Education Programs: Enduring Questions: Pilot Course Grants

Period of Performance

8/1/2014 - 5/31/2017

Funding Totals

$32,995.00 (approved)
$32,995.00 (awarded)


NEH Enduring Questions Course on Religious Tolerance

FAIN: AQ-50990-14

Georgia State University Research Foundation, Inc. (Atlanta, GA 30302-3999)
Andrew Altman (Project Director: September 2013 to August 2017)
Abbas Barzegar (Co Project Director: May 2016 to August 2017)

The development of a mid-level undergraduate course on religious tolerance in Jewish, Christian, Islamic, and secular traditions.

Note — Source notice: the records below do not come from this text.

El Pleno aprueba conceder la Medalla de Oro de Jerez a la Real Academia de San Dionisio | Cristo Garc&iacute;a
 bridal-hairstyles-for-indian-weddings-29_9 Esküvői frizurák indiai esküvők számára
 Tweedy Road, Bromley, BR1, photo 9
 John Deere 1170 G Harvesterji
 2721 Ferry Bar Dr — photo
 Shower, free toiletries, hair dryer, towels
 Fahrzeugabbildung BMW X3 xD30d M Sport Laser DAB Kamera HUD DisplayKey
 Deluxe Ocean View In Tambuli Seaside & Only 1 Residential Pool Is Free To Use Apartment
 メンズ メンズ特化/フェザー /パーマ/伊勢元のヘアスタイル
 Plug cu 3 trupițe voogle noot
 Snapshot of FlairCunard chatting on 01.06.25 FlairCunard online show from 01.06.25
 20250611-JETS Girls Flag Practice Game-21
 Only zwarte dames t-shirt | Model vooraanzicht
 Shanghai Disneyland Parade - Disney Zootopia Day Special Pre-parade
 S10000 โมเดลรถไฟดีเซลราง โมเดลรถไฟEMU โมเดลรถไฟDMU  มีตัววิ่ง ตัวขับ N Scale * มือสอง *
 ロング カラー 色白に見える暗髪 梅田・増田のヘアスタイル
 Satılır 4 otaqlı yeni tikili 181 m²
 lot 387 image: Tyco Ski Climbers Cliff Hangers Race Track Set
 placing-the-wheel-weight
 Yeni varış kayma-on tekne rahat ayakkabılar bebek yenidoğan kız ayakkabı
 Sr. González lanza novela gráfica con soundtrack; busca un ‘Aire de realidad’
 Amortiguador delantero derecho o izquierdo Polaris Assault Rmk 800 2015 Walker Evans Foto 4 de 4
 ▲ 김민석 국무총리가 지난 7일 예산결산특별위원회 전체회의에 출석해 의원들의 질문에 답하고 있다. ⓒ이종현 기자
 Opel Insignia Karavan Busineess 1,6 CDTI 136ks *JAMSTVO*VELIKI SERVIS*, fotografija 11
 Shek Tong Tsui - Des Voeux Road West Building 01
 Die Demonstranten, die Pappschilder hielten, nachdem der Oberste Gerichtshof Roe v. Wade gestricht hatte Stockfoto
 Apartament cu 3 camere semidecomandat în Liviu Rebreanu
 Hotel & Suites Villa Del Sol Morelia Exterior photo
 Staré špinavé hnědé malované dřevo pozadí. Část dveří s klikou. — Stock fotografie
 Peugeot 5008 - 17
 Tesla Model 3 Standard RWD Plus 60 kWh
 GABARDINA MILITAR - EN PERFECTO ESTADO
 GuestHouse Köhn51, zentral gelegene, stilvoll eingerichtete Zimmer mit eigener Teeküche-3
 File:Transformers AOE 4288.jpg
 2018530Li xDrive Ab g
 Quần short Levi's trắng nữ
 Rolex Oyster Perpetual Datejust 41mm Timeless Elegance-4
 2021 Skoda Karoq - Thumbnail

The development of a mid-level undergraduate course on religious tolerance from Jewish, Christian, Islamic and secular traditions. Andrew Altman (professor of philosophy) and Abbas Barzegar (assistant professor of religious studies) develop a fourteen-week seminar for sophomores and juniors that examines the ethical questions arising from religious difference. They consider a range of competing answers to the questions across the centuries from both religious and secular sources. Students study and debate the perspectives offered through four main course units. The first, on the emergence of religious tolerance in Christian Europe, counterpoints readings from medieval and early modern Christian theologians such as Augustine, Luther, and Calvin, who argued against tolerating heretical views, with defenses of tolerance from such thinkers as Locke, Spinoza, and Mendelssohn. The second unit explores how major thinkers of the Islamic world addressed issues of tolerance and intolerance. Students read works by medieval authors justifying ecumenical and inter-religious exchange (al-Ghazali and Ibn 'Arabi) or advocating exclusion (Ibn Tamiyya) and then consider contemporary theorists (such as Tariq Ramadan) who consider Islam's relationship to values of freedom and equality. The third section, From Jewish Emancipation to the Holocaust: The Spread and Collapse of Enlightenment Values, examines Enlightenment-era debates on Jewish emancipation in Europe followed by the rise of Nazi anti-Semitism, with readings from Arendt, Goldhagen, and Levinas. The final unit takes up contemporary issues of tolerance for liberal democracies, offering perspectives from philosophy (Rawls), political theory (Andrew March), and Islamic studies (Vincent Cornell). Students write three papers; in addition, they contribute to a publicly accessible course website containing information and analyses of historical and current events related to religious tolerance. The university's Center for Ethics, where Altman serves as Director of Research, collaborates in offering course-related forums, open to the campus and the public, for scholars to discuss issues of tolerance.